3.3. Logistic Regression Analysis for Hepatotoxicity in Gout Patients on Febuxostat
Univariate logistic regression analysis revealed that pre-existing liver disease was significantly associated with an increased risk of hepatotoxicity (odds ration [OR], 4.046; 95% confidence interval [CI], 1.439–11.375; p = 0.008). After adjusting for age, febuxostat dosage, ALT, and hyperlipidemia, underlying liver disease was independently associated with a 4.1-fold increase in the risk of developing hepatotoxicity (OR, 4.083; 95% CI, 1.326–12.577; p = 0.014) (Table 3). A subgroup analysis excluding liver cirrhosis revealed that fatty liver was also an independent risk factor for the development of hepatotoxicity after febuxostat usage (OR, 2.353; 95% CI, 1.320–4.197; p = 0.004).

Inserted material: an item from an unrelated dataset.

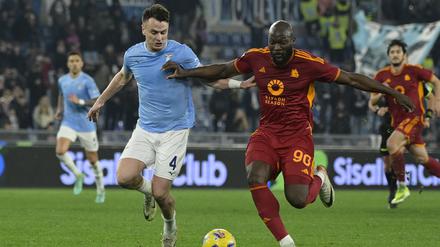 Romelu Lukaku vom AS Rom (r.) wurde von Lazio-Fans rassistisch beschimpft.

3.4. Side Effects of Colchicine
Thirteen (10.7%) of 121 patients treated with colchicine and febuxostat had acute liver injury, two (1.6%) patients had diarrhea, and one (0.8%) patient had a skin rash within three months after colchicine treatment. Meanwhile, of the 57 patients treated with febuxostat, four (7.0%) presented with only an acute liver injury [7.0% (febuxostat monotherapy group) vs. 10.7% (colchicine and febuxostat combination therapy group), p = 0.587] and two presented with diarrhea [3.5% (febuxostat monotherapy group) vs. 1.6% (colchicine and febuxostat combination therapy group), p = 0.594]; no patient developed a skin rash (0% vs. 0.8%, p = 1.0). There were no patients with muscle pain, muscle weakness, or neurotoxicity. Of the 13 patients who developed hepatotoxicity, nine continued to receive colchicine treatment, while four discontinued it. Ten patients (76.9%) used hepatotonics. In all patients with hepatotoxicity, liver function parameters recovered to their normal ranges or remained stable compared to their previous levels.
4. Discussion
In the present study, prophylactic colchicine did not increase the risk of acute hepatotoxicity in gout patients on febuxostat. However, in these patients, pre-existing liver disease may be associated with an increased risk of hepatotoxicity.

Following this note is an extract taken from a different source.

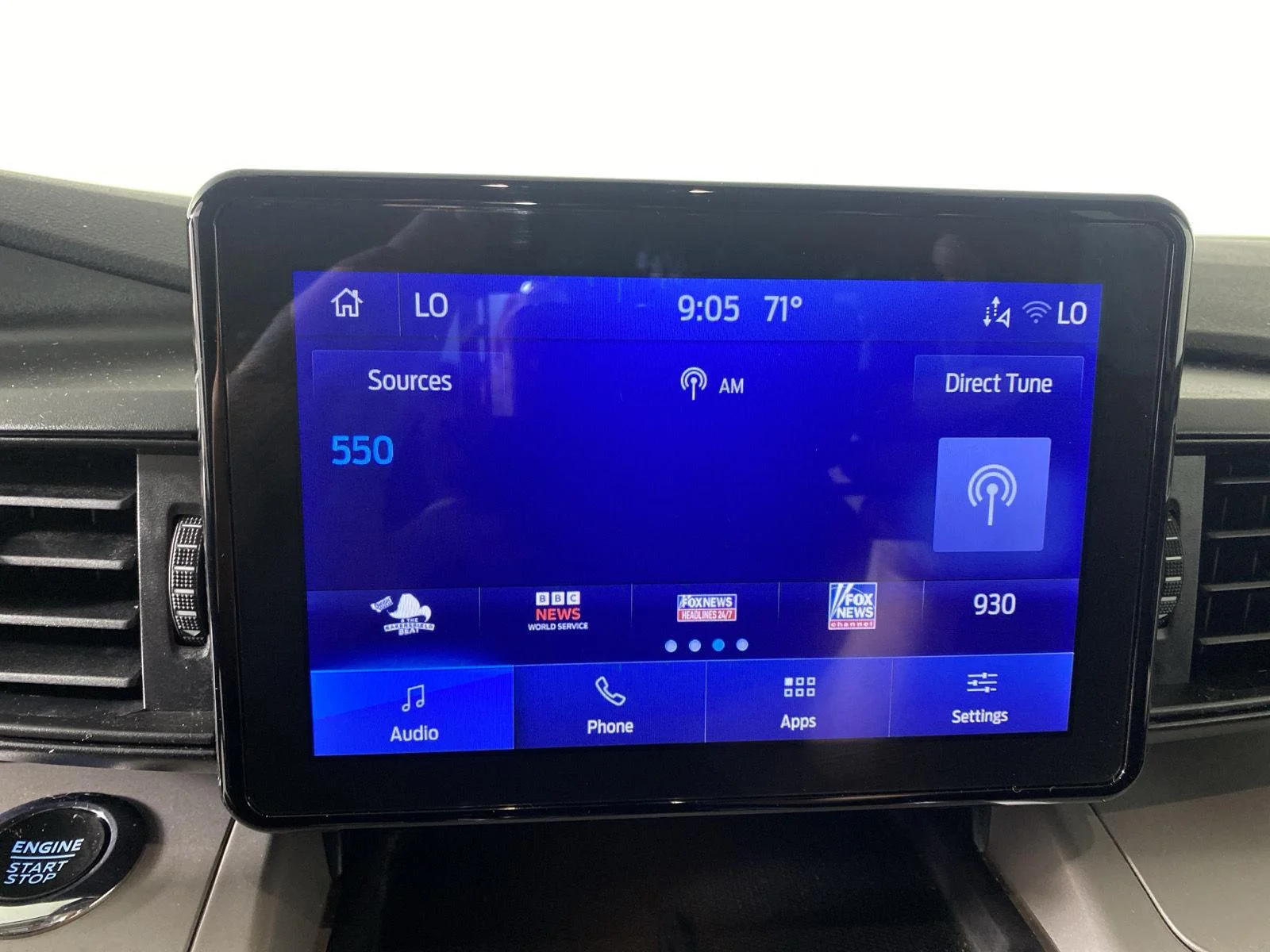 Used 2023 Forged Green Ford XLT image 27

Gout is a common chronic inflammatory arthritis [1]. Recently, the incidence of younger gout patients has been increasing faster than older patients [2,11]. Therefore, gout is considered an important public healthcare issue. The goal of long-term treatments of gout is to reduce the levels of serum urate, subsequently avoiding acute gout attacks and inhibiting progression to chronic arthropathy. A uric acid-lowering agent is effective for lowering serum urate levels, and reduces the rate of gout flares and tophus burden [12]. However, during the initial use of ULT, rapid reduction in serum uric acid levels can often cause flares of gout, especially in the situation of in-patients, diuretics use, surgery, and overhydration [13,14,15]. Acute gout flare is a clinically evident episode of articular or periarticular inflammation induced by monosodium urate crystals [16], causing severe pain and disability of the articular joint. Therefore, gout flare is one of the most important concerns for patients as it can also affect their quality of life [17,18]. The European League Against Rheumatism (EULAR) recommendations have suggested that anti-inflammatory agents, such as low-dose colchicine or nonsteroidal anti-inflammatory drugs, should be used for at least six months when initiating ULT [6]. Previous studies reported that prophylactic treatment longer than six months is associated with fewer gout flares after initiating ULT [19,20].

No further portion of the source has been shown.